There is a beveled slide collar. The beveled slide collar is fabricated of a rigid material. The beveled slide collar has an exterior surface and an interior surface, with a thickness therebetween. The beveled slide collar has a tapered central aperture therethrough, with the tapered central aperture having a proximal end and a distal end. The proximal end aperture is larger then the distal end aperture, with a continuous narrowing of the aperture therebetween. The beveled slide collar has four locking lug holes running radially from the exterior surface to the interior surface. The beveled slide collar has four locking lugs with one of the locking lugs being associated with one of the locking lug holes. The locking lugs each have a solid tubular shaft configuration. The proximal end of the beveled slide collar has a recess therein.

There is a beveled slide. The beveled slide has four like-configured components. Each component of the beveled slide has a tapered exterior surface and a perpendicular biplanar interior surface, with a central recess therein. Each beveled slide component exterior surface has a V-shaped tapered recess therein. Each component has a pair of intersecting pin holes running radially from the exterior surface to the interior surface. Each of the intersecting holes has an associated pin.

There is a push rod guide. The push rod guide has a round solid disc-like configuration with a central push rod hole, four internal push rod holes, four external push rod holes, and four recessed bolt holed therein. The central push rod hole is sized to slidably receive the central push rod. The four internal push rod holes are sized to slidably receive each of the four internal push rods. The four external push rod holes are sized to slideably receive each of the four external push rods. The push rod guide has three associated threaded screws, with the screws being configured to be threadedly received and be mated with each of the threaded assembly screw holes of the actuating body.

There are four external push rods. Each external push rod has a straight solid rod configuration. Each external push rod is sized to be slidably received within the external push rod holes of the internal guide.

There are four internal push rods. Each internal push rod has a straight solid rod configuration. Each internal push rod is sized to be slidably received within the internal push rod holes of the internal guide.

There is an internal distal collar slide. The internal distal collar slide has a round shaft configuration, with a proximal end and a distal end. The internal distal slide collar has a central aperture therethrough. The central aperture of the internal distal collar slide runs from the proximal end to the distal end. The internal distal slide collar proximal end has a protrusion.

Lastly, there is an internal distal collar slide body. The internal distal collar slide body has a round shaft configuration, with a proximal end and a distal end. The internal distal slide collar body has a central aperture therethrough. The central aperture of the internal distal collar slide body is sized to slidably receive the internal distal collar slide there within.

There has thus been outlined, rather broadly, the more important features of the invention in order that the detailed description thereof that follows may be better understood and in order that the present contribution to the art may be better appreciated. There are, of course, additional features of the invention that will be described hereinafter and which will form the subject matter of the claims attached.

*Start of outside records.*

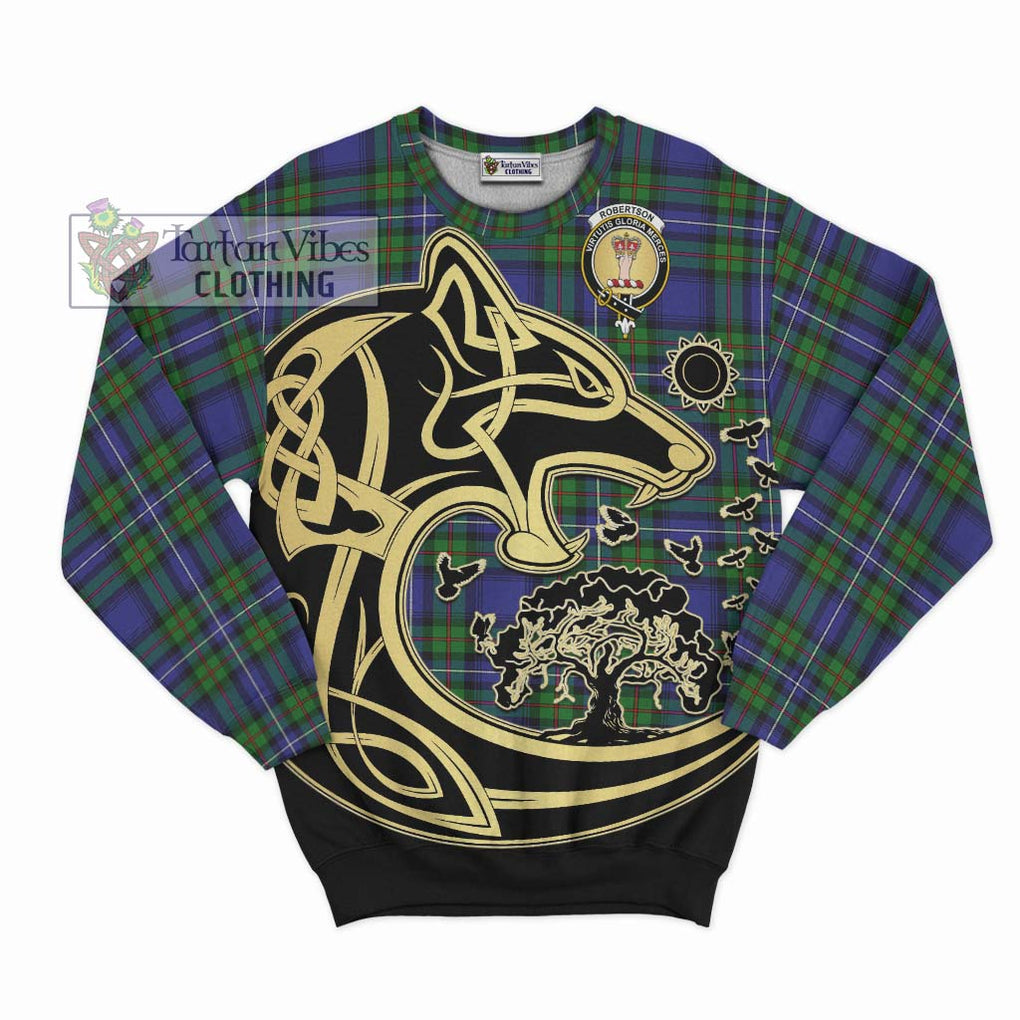 Robertson Hunting Modern Tartan Sweatshirt with Family Crest Celtic Wolf Style - Tartan Vibes Clothing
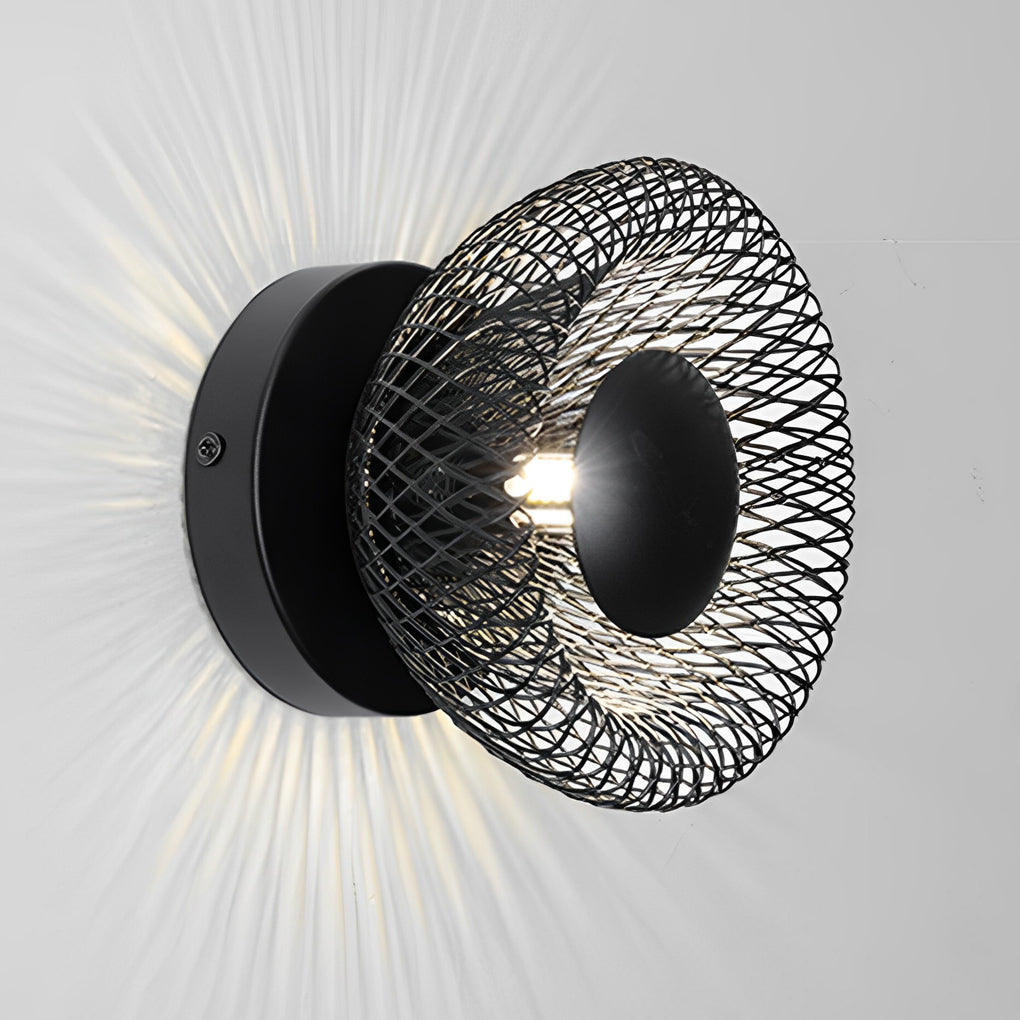 Modern Circular Nest Grid LED Wall Sconce – Iron Finish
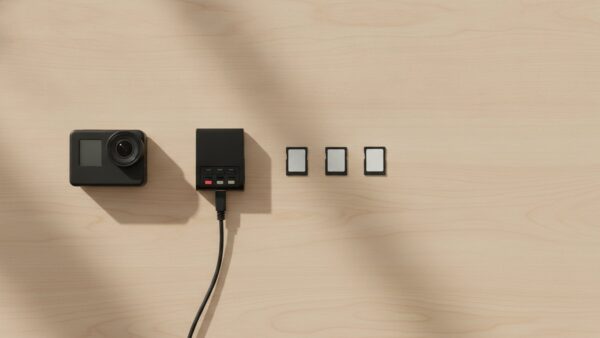 microsd express bild 4 Actionkamera, Kartenleser und drei kleine Speicherkarten nebeneinander auf einem hellen Schreibtisch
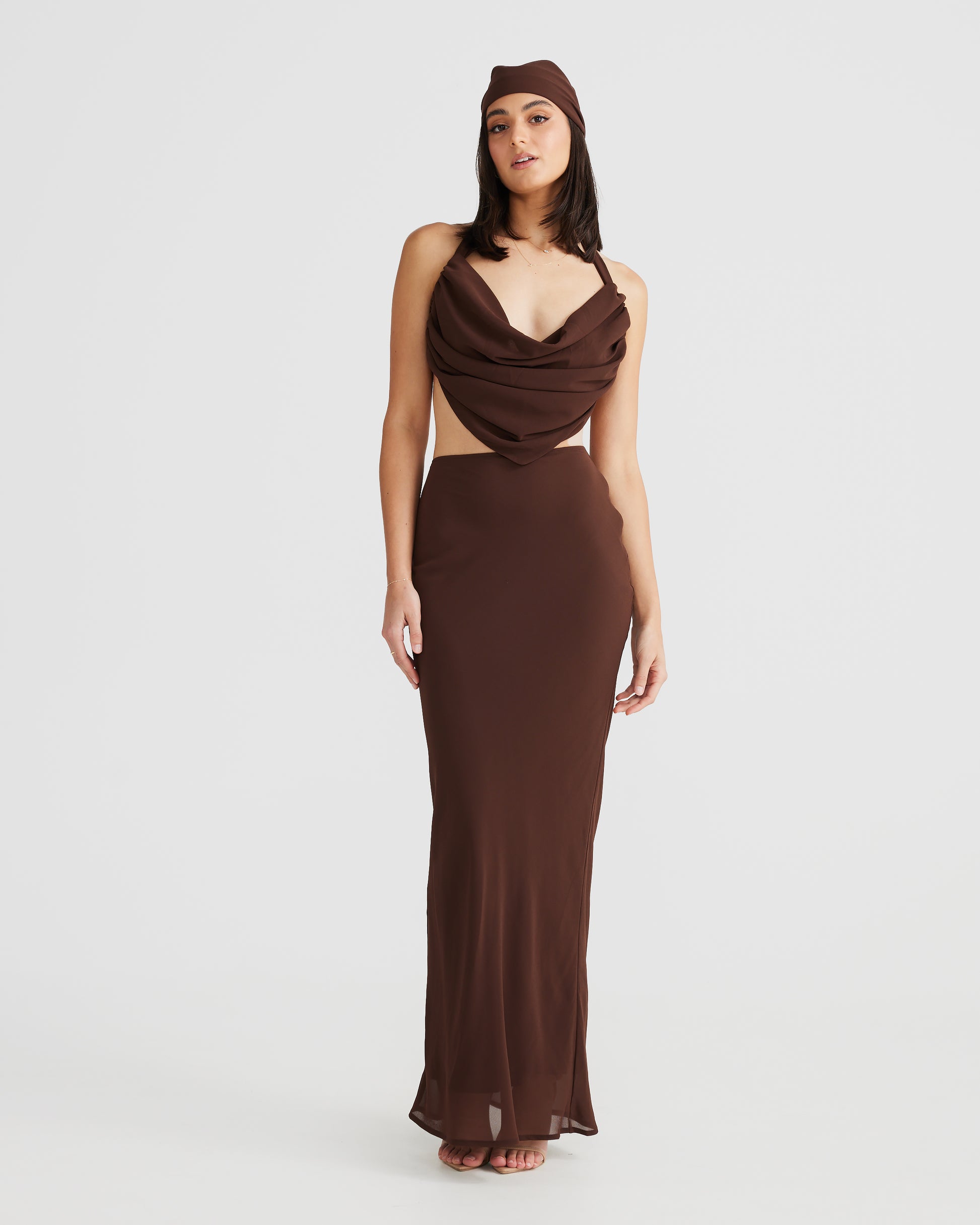 MÉLANI The Label BLAIR SET Brown Chiffon Two-Piece Set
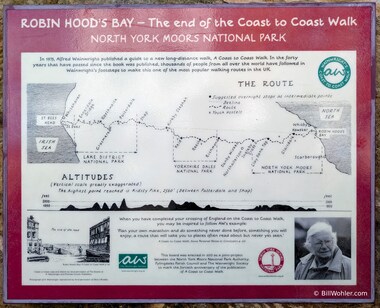 A placard maps out the route of the Coast to Coast walk - as a crow flies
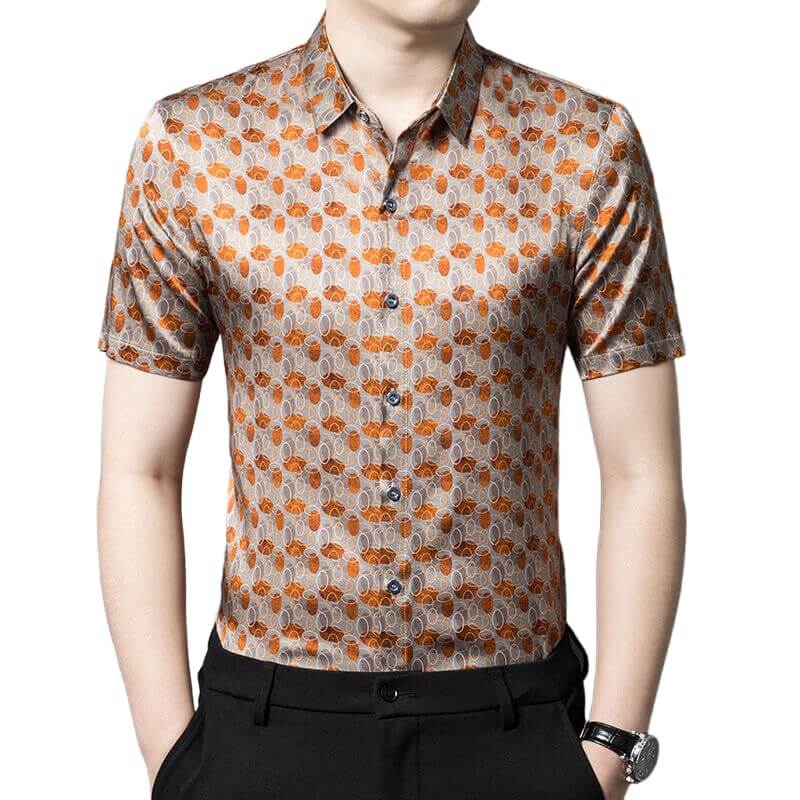 Orange Printed Mens Summer Short Sleeve Casual Silk Shirt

In this respect, before explaining at least one embodiment of the invention in detail, it is to be understood that the invention is not limited in its application to the details of construction and to the arrangements of the components set forth in the following description or illustrated in the drawings. The invention is capable of other embodiments and of being practiced and carried out in various ways. Also, it is to be understood that the phraseology and terminology employed herein are for the purpose of descriptions and should not be regarded as limiting.

As such, those skilled in the art will appreciate that the conception, upon which this disclosure is based, may readily be utilized as a basis for the designing of other structures, methods and systems for carrying out the several purposes of the present invention. It is important, therefore, that the claims be regarded as including such equivalent constructions insofar as they do not depart from the spirit and scope of the present invention.

It is therefore an object of the present invention to provide a new and improved actuating device which has all of the advantages of the prior art moulding devices and none of the disadvantages.

It is another object of the present invention to provide a new and improved actuating device which may be easily and efficiently manufactured and marketed.

It is further object of the present invention to provide a new and improved actuating device which is of durable and reliable constructions.

An even further object of the present invention is to provide a new and improved actuating device which is susceptible of a low cost of manufacture with regard to both materials and labor, and which accordingly is then susceptible of low prices of sale to the consuming public, thereby making such actuating device economically available to the buying public.

Even still another object of the present invention is to provide an actuating device for efficiently effectuating a molding process.

Lastly, it is an object of the present invention to provide a new and improved actuating device comprising, in combination, a actuating body. There is an internal guide configured to be slidably received within the actuating body. The internal guide has a centrally located central push rod hole. There is a central push rod assembly located within the central push rod hole of the internal guide. There is a beveled slide collar within the interior surface of the actuating body, and the beveled slide collar contains a beveled slide. The beveled slide as having four like-configured components. There is at least one push rod contained within the internal guide.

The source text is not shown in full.